**Task instructions**
Look for the line containing "Silent Hill 2(中文版)" and the line containing "Detalių/automobilių apklijavimas plėvele - Plėvelės" in the entries below. Copy those two and all lines between them exactly, leaving out pictures.

--- --- ---

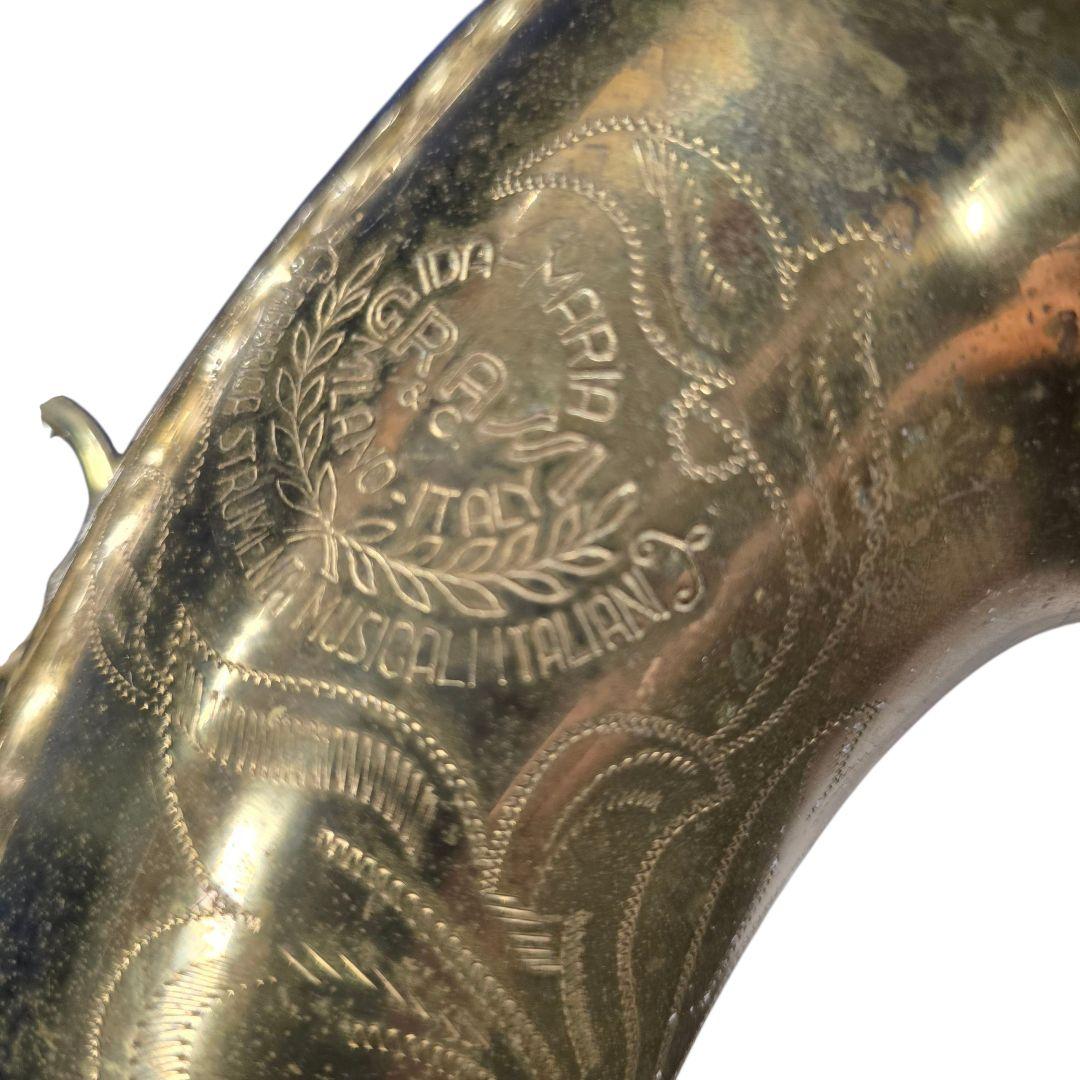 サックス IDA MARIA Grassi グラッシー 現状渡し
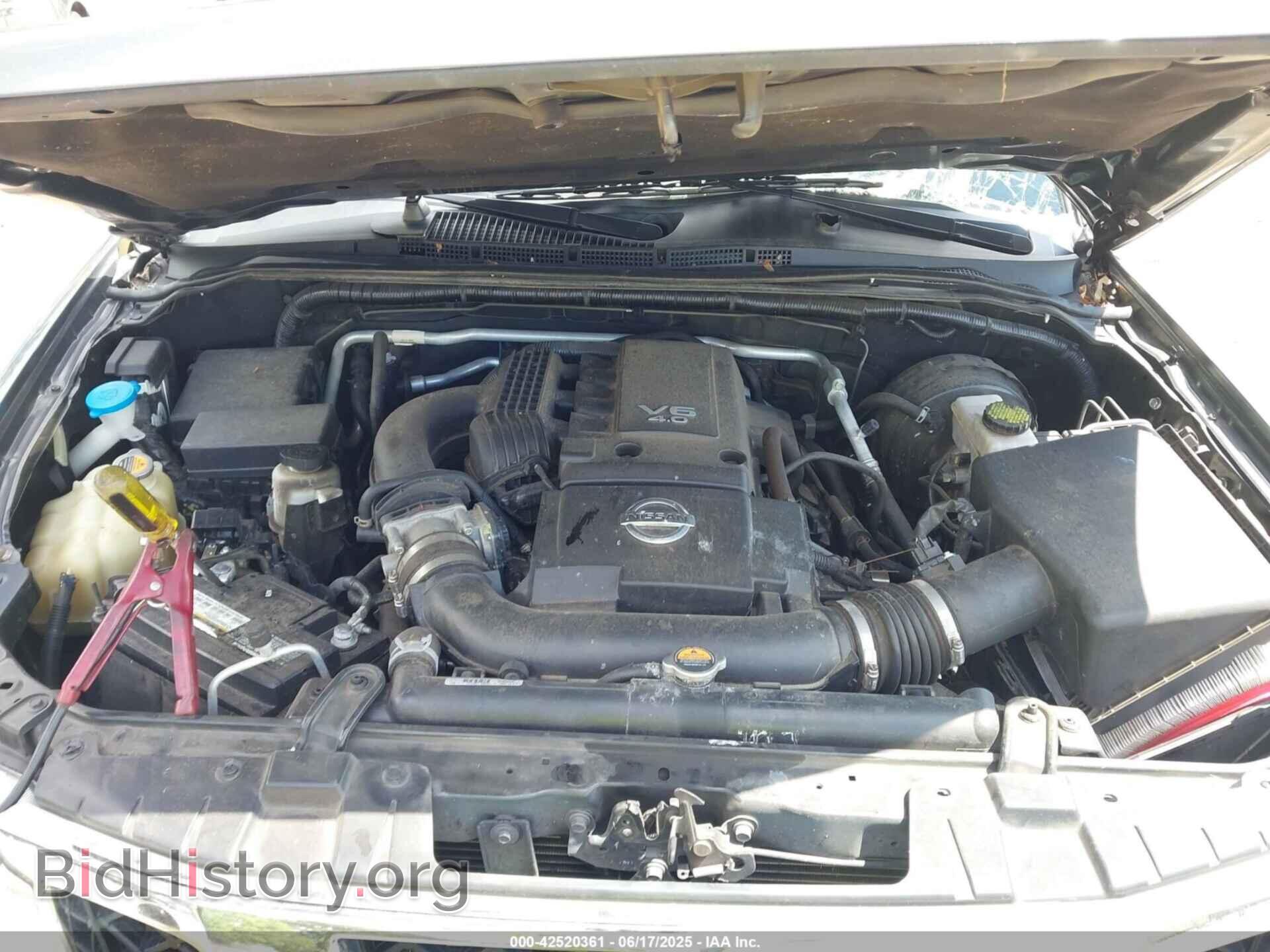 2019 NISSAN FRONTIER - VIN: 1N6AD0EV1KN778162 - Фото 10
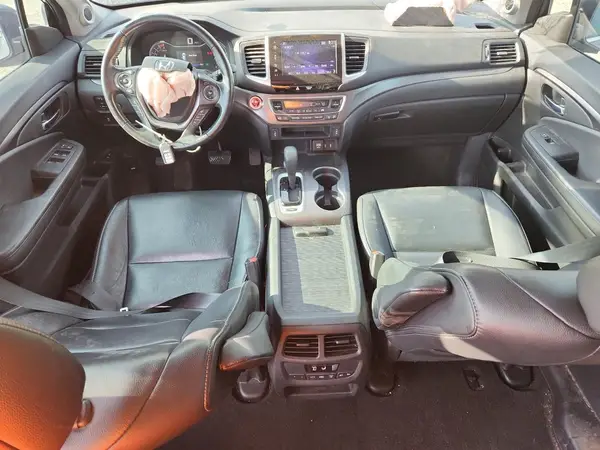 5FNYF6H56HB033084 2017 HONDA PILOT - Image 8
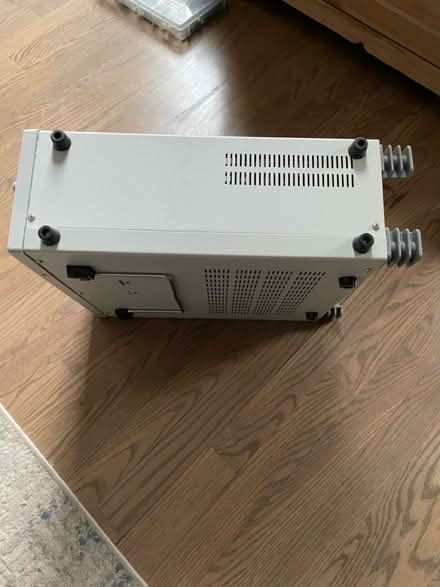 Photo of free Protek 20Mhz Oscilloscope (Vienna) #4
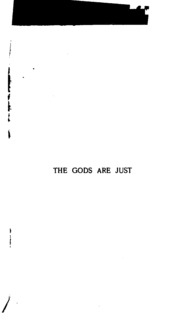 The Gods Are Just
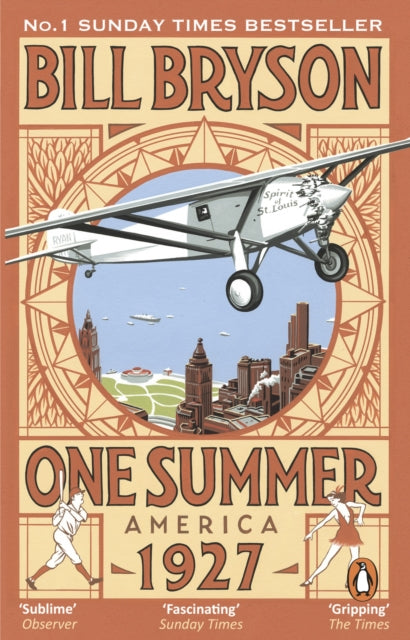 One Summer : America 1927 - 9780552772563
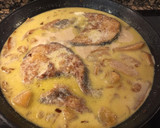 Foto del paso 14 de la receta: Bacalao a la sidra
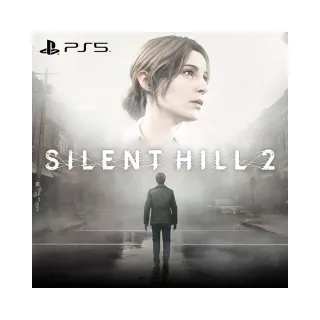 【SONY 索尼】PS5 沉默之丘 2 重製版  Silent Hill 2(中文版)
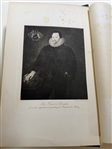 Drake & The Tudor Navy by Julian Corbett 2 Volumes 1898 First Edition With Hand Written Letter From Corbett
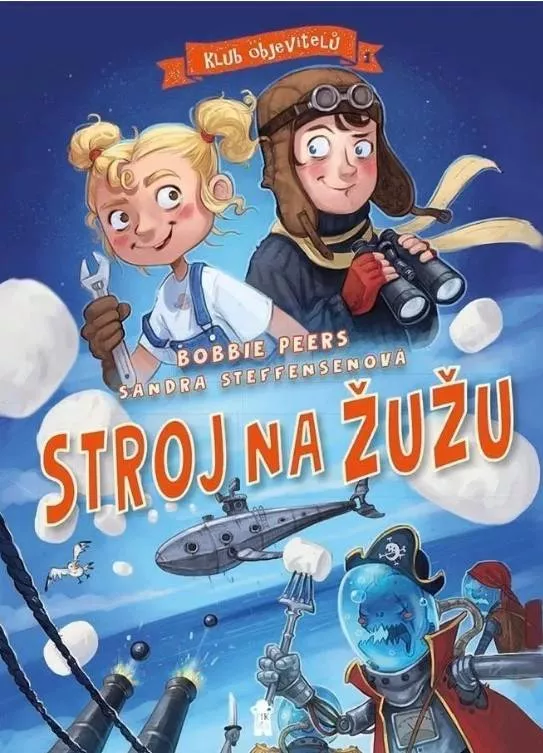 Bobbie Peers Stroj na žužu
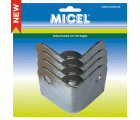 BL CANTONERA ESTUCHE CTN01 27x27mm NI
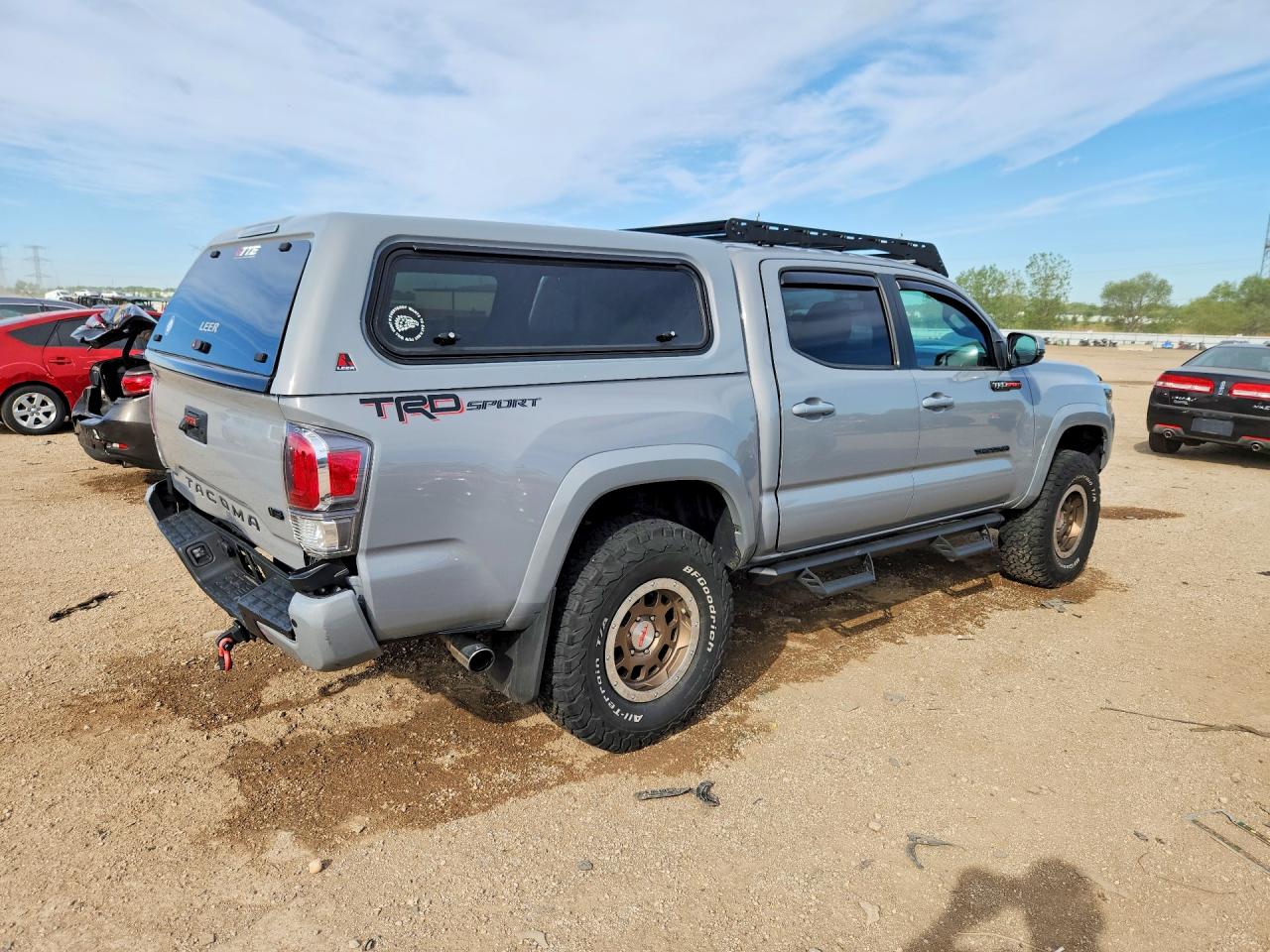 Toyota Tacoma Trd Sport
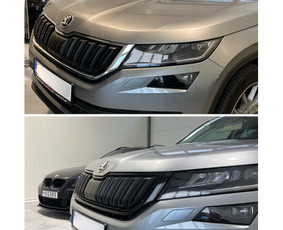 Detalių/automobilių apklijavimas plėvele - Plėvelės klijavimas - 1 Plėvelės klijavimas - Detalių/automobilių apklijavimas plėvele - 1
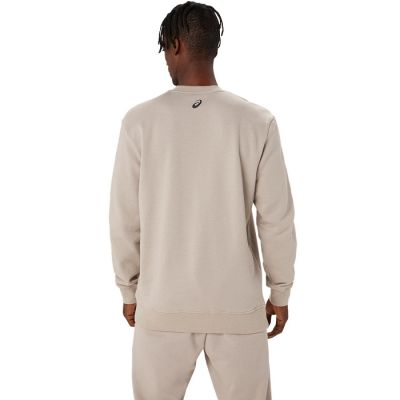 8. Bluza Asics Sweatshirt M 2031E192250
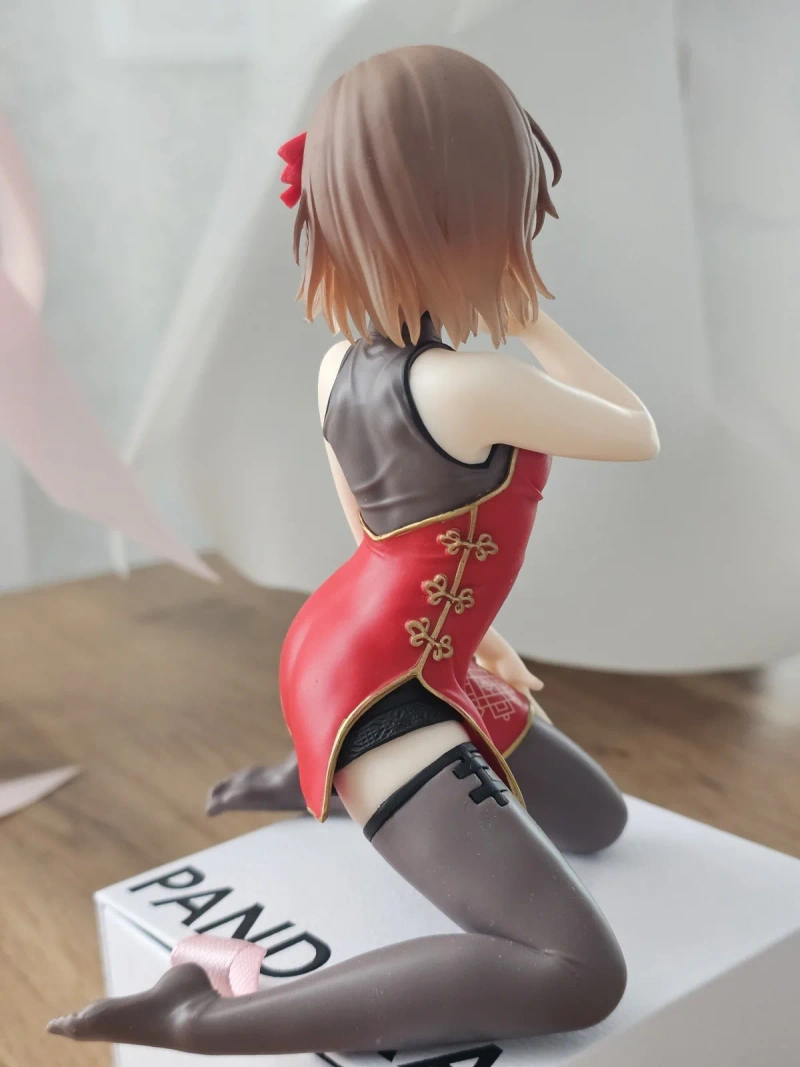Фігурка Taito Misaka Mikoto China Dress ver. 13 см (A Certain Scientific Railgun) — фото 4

--- --- ---

**Result for this exercise**
 【SONY 索尼】PS5 沉默之丘 2 重製版  Silent Hill 2(中文版)
 Drake & The Tudor Navy by Julian Corbett 2 Volumes 1898 First Edition With Hand Written Letter From Corbett
 Bobbie Peers Stroj na žužu
 BL CANTONERA ESTUCHE CTN01 27x27mm NI
 Toyota Tacoma Trd Sport
 Detalių/automobilių apklijavimas plėvele - Plėvelės klijavimas - 1 Plėvelės klijavimas - Detalių/automobilių apklijavimas plėvele - 1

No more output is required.